Current lines of research on the pharmacological approach in patients with resistant OCD basically focus on the use of glutamatergic modulators as well as psychedelics. There is scientific evidence from neuroimaging, genetic, and animal model studies that support the existence of a glutamatergic dysfunction in OCD. It is postulated that patients with OCD have an increased cortical glutamatergic activity, specifically in the anterior cingulate cortex (ACC) and the orbitofrontal cortex (OFC), two key areas of the dysfunctional cortical-striatum-thalamic-cortical circuit hypothesized as underlying OCD. This circuit would encompass two pathways, one direct and the other indirect, producing in OCD an imbalance between the two, with a predominance of the glutamatergic projections activating the direct pathway over the indirect pathway. Based on these findings, several glutamatergic modulators have been tested in patients with resistant forms of OCD, including NMDA receptor antagonists (memantine, ketamine, esketamine), AMPA/kainate receptor antagonists (lamotrigine, topiramate) and drugs with mixed actions on the glutamatergic system such as riluzole, troriluzole, pregabalin, minocycline and N-acetylcysteine. The studies published to date are limited, with very small samples and with high heterogeneity in design, but they point to promising results especially for memantine.
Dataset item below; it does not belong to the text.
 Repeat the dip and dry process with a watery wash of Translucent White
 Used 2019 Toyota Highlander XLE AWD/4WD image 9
In relation to psychedelics, the most analyzed is psilocybin, an agonist of the serotonergic receptors 5HT2a, 5HT2C and 5HT1A, which modulates the activity of the orbitofrontal cortex and the Default Mode Network (DMN) and normalizes the glutamatergic hyperactivity of the CSTC circuit. At present, several trials are underway on the use of both glutamatergic agents and psilocybin in patients with resistant OCD, so it is expected that in the coming years more scientific evidence will be available on their possible usefulness in the treatment of OCD.
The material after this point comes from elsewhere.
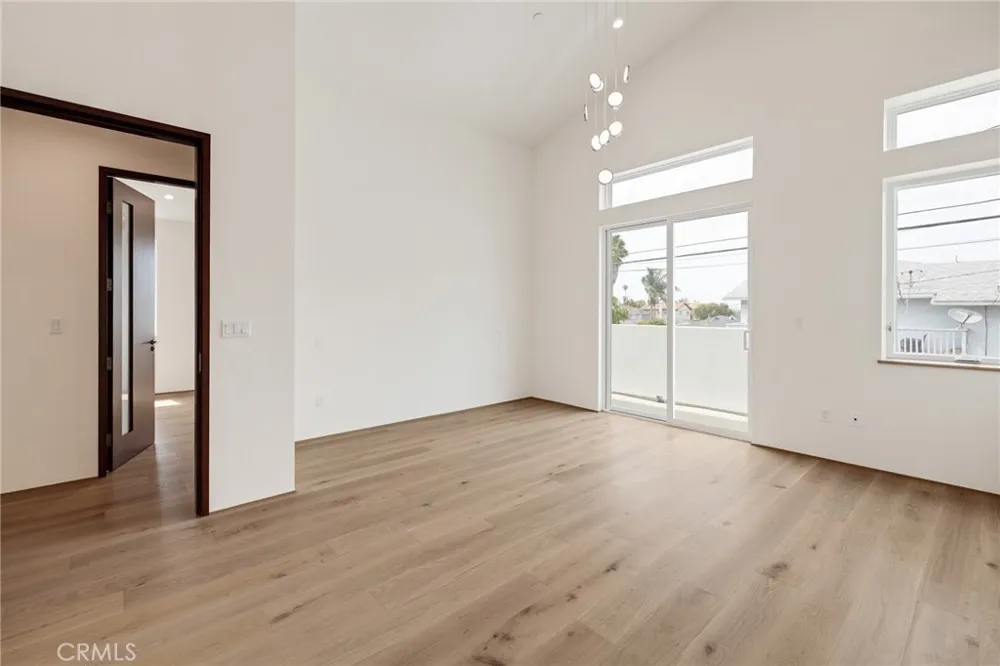 2413 CURTIS AVENUE #B Redondo Beach, CA 90278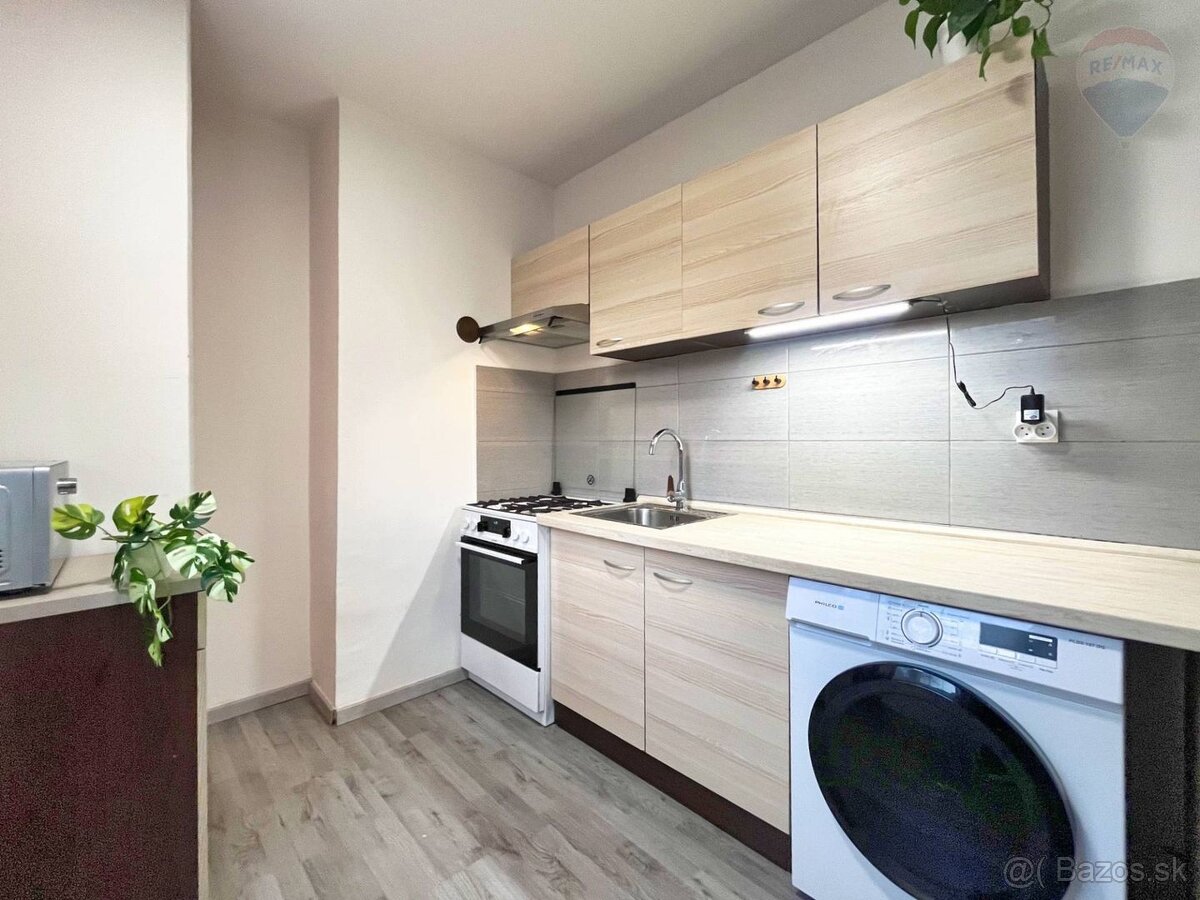 PREDAJ 2- izb. byt s balkónom centrum mesta REZERVOVANÉ - 3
In the presentation, we will analyze the available data on the use of some drugs that affect fear acquisition and extinction mechanisms as enhancers or facilitators of other OCD therapies, specifically behavioral therapy, or the possible facilitation of the action of deep brain stimulation through some psychotropic drugs. Finally, we will conclude by reviewing the available evidence to advance in the implementation of personalized approaches in patients with OCD.

• Coelho DRA, et al. (2025). Glutamatergic Medications for Obsessive-Compulsive and Related Disorders: A Systematic Review and Meta-Analysis. JAMA Netw Open. 2025 Jan 2;8(1):e2452963. doi: 10.1001/jamanetworkopen.2024.52963.
• van Roessel PJ, et al. (2023). Treatment-resistant OCD: Pharmacotherapies in adults. Compr Psychiatry. 2023 Jan;120:152352. doi: 10.1016/j.comppsych.2022.152352.
• Collins HM. (2024). Psychedelics for the Treatment of Obsessive-Compulsive Disorder: Efficacy and Proposed Mechanisms. Int J Neuropsychopharmacol. 2024 Dec 1;27(12):pyae057. doi: 10.1093/ijnp/pyae057. PMID: 39611453; PMCID: PMC11635828.
• Tubío-Fungueiriño M, Alemany-Navarro M, Alonso P, et al. (2022). Neuropsychological performance and predictors of pharmacological treatment response in obsessive compulsive disorder. J Affect Disord. 2022 Nov 15;317:52-58. doi: 10.1016/j.jad.2022.08.063.
• Pittenger C. (2021). Pharmacotherapeutic Strategies and New Targets in OCD. Curr Top Behav Neurosci. 2021;49:331-384. doi: 10.1007/7854_2020_204.